Коли пожелаешь, можешь в старых газетах покопаться — много интересного о себе узнаешь. И не стыдно тебе, ангел-террорист?
— Стыдно, конечно, Петрус, как не стыдно? Виноват я, прости! Я потом долго не мог в себя прийти, вся сила моя ушла на этот прорыв, а то бы я, конечно, нашел тебя и во всем повиниться. Мне пришлось две недели в Иоанновском монастыре в алтаре отлеживаться,монахини молитвами выхаживали... Ах, сколько там благодати, братие! Как на духовном курорте побывал!
— Вестимо, — улыбнулся Петрус, — как не быть преизобилию благодати над усыпальницей святого праведного Иоанна Кронштадтского? Так ты, бедный, выходит, надолго занемог после своего подвига... Ну, это тебя отчасти извиняет.
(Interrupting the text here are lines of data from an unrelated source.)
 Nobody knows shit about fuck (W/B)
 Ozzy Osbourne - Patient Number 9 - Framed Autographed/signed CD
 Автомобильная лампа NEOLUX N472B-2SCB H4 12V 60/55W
— А Митя, между прочим, даже насморка не схватил! Нет, вы, братие, и представить себе не можете, каково мне с ним приходится: я над ним вьюсь, как ласточка над выпавшим из гнезда птенчиком, а он меня все отрицает и отрицает! Ах, да что говорить-то.., —Димитриус махнул рукой и, отвернувшись, горестно уставился на ближайшего к нему бронзового ангела, будто ожидая от него сочувствия.
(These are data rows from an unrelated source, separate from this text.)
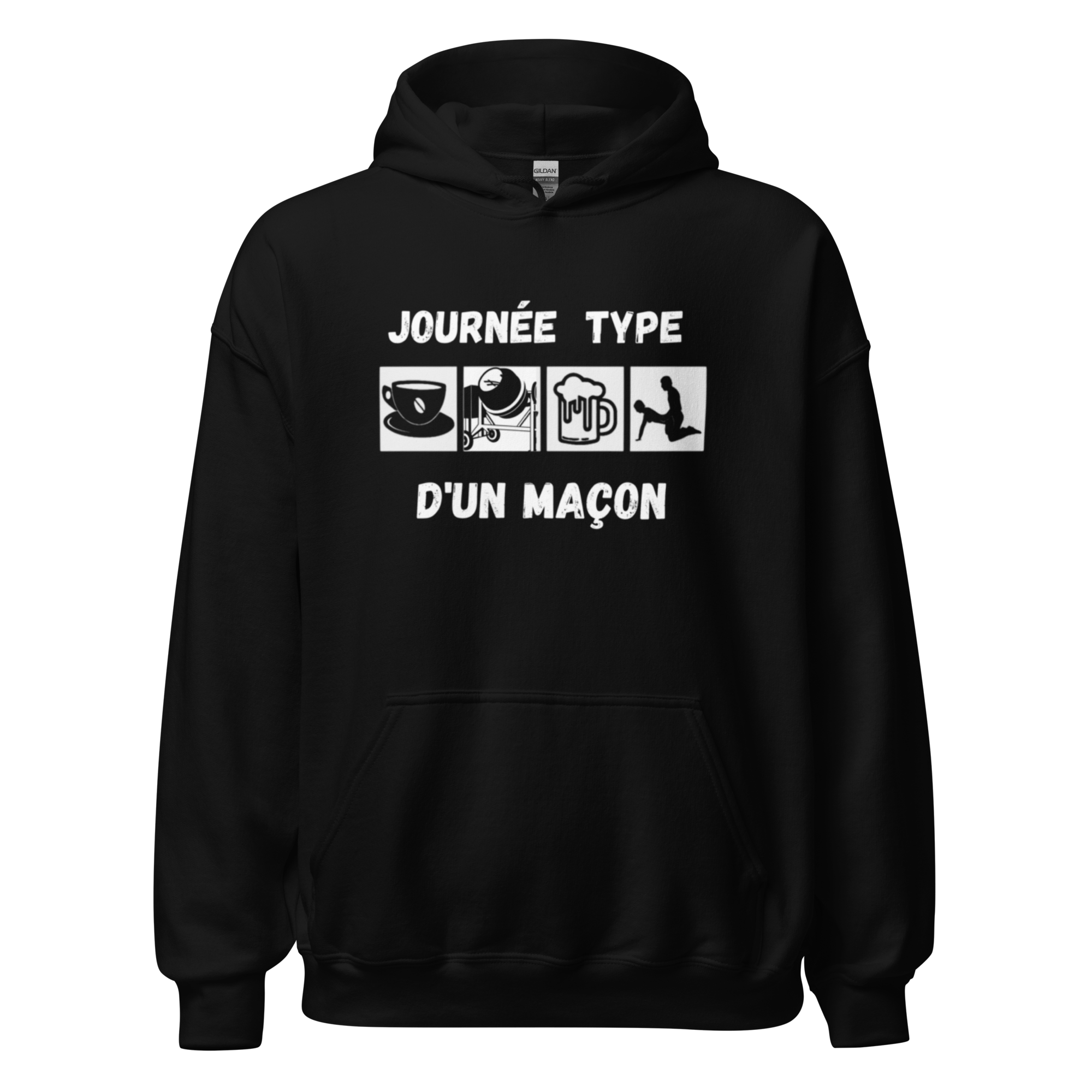 SWEAT À CAPUCHE MAÇON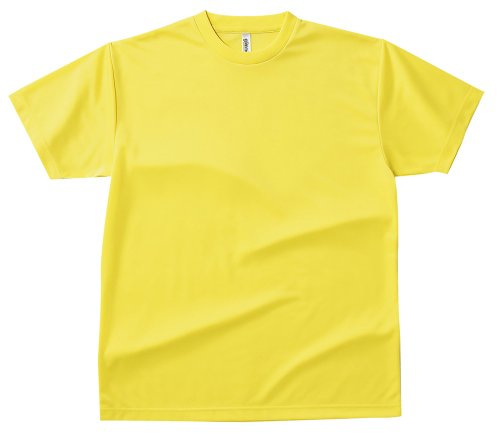 (グリマー)glimmer 4.4oz ドライTシャツ 00300-ACT 020 イエロー M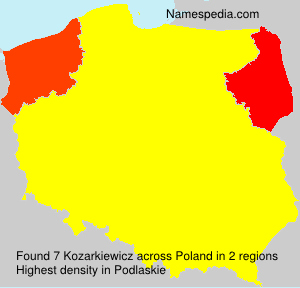 Surname Kozarkiewicz in Poland Surname Kozarkiewicz in Poland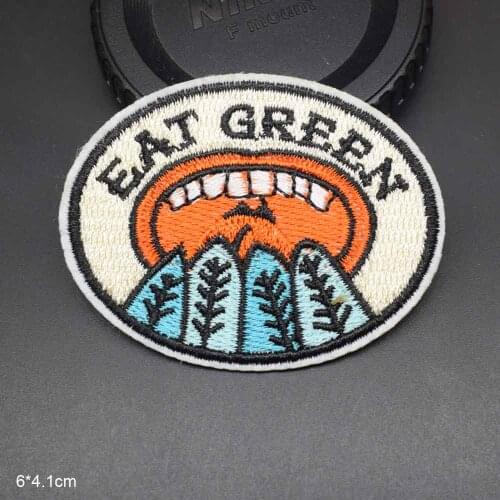 Eat Iron On Full Embroidered Clothes Patches For Clothing Stickers Garment Wholesale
Ангел Юлиус робко улыбнулся, выступил вперед и тоже начал перечислять свои печали, поочередно тонкие персты пригибая:
— А моя Юлька с тех пор, как живет с отцом, ни разу не причащалась Святых Христовых Таинств — это раз. Она верит в НЛО и экстрасенсов — это два. Когда уроков не выучит, просит мачеху погадать на картах, вызовут ее или нет — это три. В церкви не бывает — это четыре...
— Юлия твоя бывает с отцом и мачехой в церкви, — отвлекшись от скорбного созерцания бронзового собрата, сказал Димитриус. — Она очень даже любит бывать на пышных венчаниях новых русских. Мода у них нынче такая пошла — венчаться. Но волнует ее при этом не само таинство или красота службы, а наряды и прически невесты и гостей.
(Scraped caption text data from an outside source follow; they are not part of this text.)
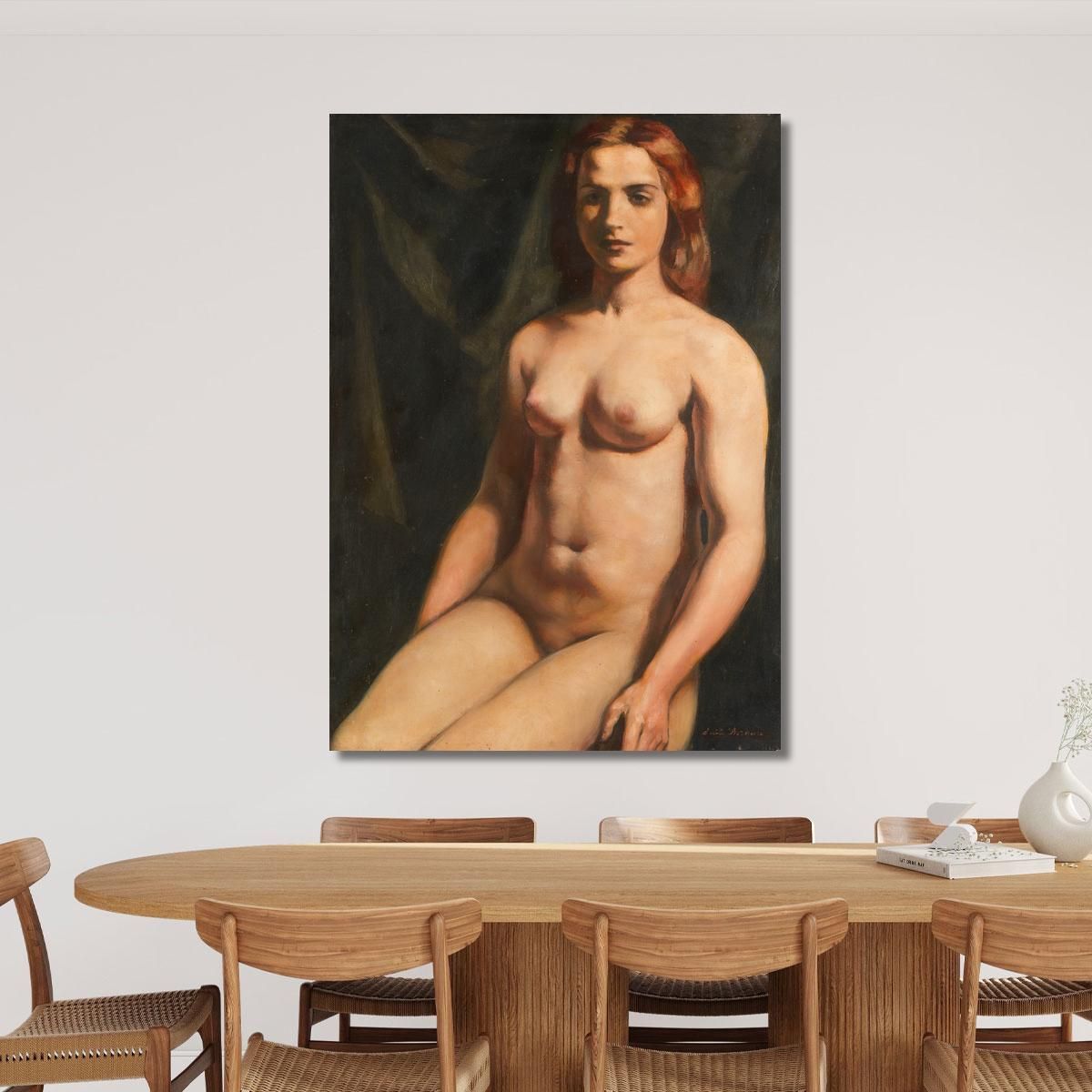 Seated Nude Emile Bernard ebr41 canvas print 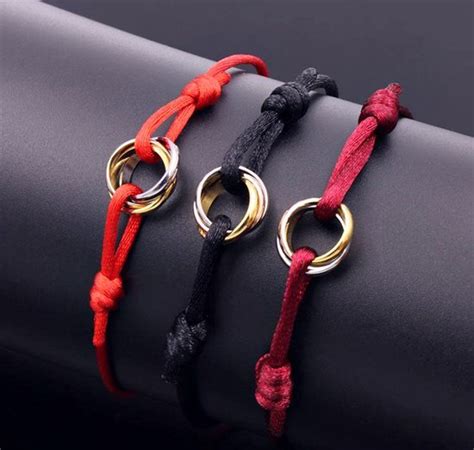 cartier rope bracelets|cartier trinity silk cord bracelet.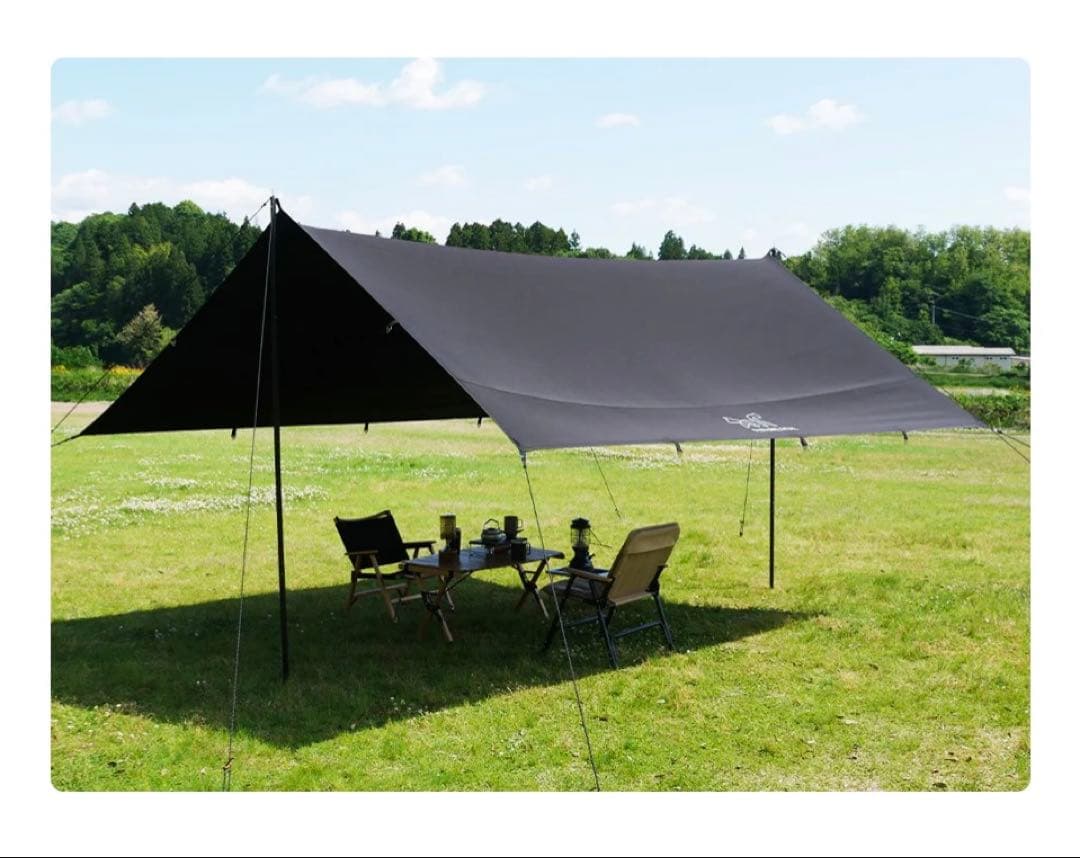 新品未使用完売品 FUTURE FOX TCタープ スクエア型 ブラック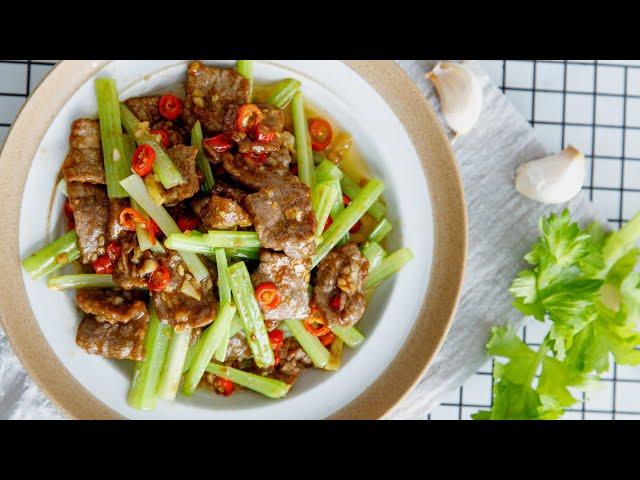 Hunan style beef stir fry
— Пустой сосуд твоя Юлия, хоть и запечатанный!
— Да, запечатанный! А коли сосуд запечатан печатью Святаго Духа, то еще не все пропало: Дух сам может возжечь в нем огонь, когда Ему восхочется! Моей Юленьке всего-то неполных двенадцать лет, она еще может исправиться. Пустой сосуд... Как можно называть дитя “пустым сосудом”, коли оно было крещено, миропомазании до двух лет исправно причащалось!
— Ах, брат мой Юлиус, ну что ты говоришь? Это в пеленках “исправно”? Да ведь это бабушка Настя носила ее в Божий храм причащаться! Но ты, конечно, истину молвишь: и в моем Мите сохранилась искра Божия, потому как его тоже крестили. Это уж потом отец вocnpemил ему посещение храма, дабы это не повредило сыночку. Вы подумайте только, братие, — не пускать ребенка в Божий храм из любви к нему! Что за жизнь, что за страна, что за люди!
— Жизнь как жизнь, и люди как люди. Ты бы, ангел мой, за границу слетал для утешения... А ты что ж это так надрываешься, хранитель Димитриус? — укорил его Петрус.
— Митя в душе неплохой человек. От природы он добродушный, щедрый: мимо нищего никогда без подаяния не пройдет, разве что проедет на своем “мерсе”. Ты не сомневайся, Иван, твою подопечную ж не обидит! Скорее наоборот — забалует, завалит подарками.
— Митя — доброй души человек, это воистину так. Но ты теперь про мачеху нашему гостю возвести, то-то он удивится! — горько усмехнулся Юлиус.
— Что еще за мачеха? — насторожился хранитель Иван. — Кто такая и где ее хранитель?
— О, наша невеста-мачеха по имени Жанна стоит особого разговора!
— Да чего там о ней особо разглагольствовать? Да Митя на ней может, еще и не женится, одумается, — отмахнулся было ангел Димитриус.
Но хранитель Иван взволновался не на шутку:
— А ну-ка, братие, повествуйте, что там у вас за “невеста-мачexa” обретается, и почему ее хранитель с вами не прибыл?
— А нет у нее никакого ангела-хранителя, — с досадой молвил Димитриус. — Нет и быть не может, потому как она не крещена. Зато приставлен к ней особый бес по кличке Жан, жутко на нее похожий... Или она на него — теперь уж и не разберешь. Вот он и есть ее духовный руководитель.
— Смрад от этого Жана такой, что даже люди порой замечают: думают, крыса под полом скончалась, — подхватил Юлиус. — С тех пор как Жанна со своим Жаном поселилась у Мишиных, мы и в дом почти не заглядываем. Пребываем поблизости и плачем горькими слезами, а поделать ничего не можем. Мишины, отец и дочь, нас не зовут, а потому бесы нас на порог не пускают. С приходом этой самой Жанны наш дом превратился в настоящее бесовское гнездилище: за Жаном целая стая бесов помельче в дом проникла. Лезут и лезут...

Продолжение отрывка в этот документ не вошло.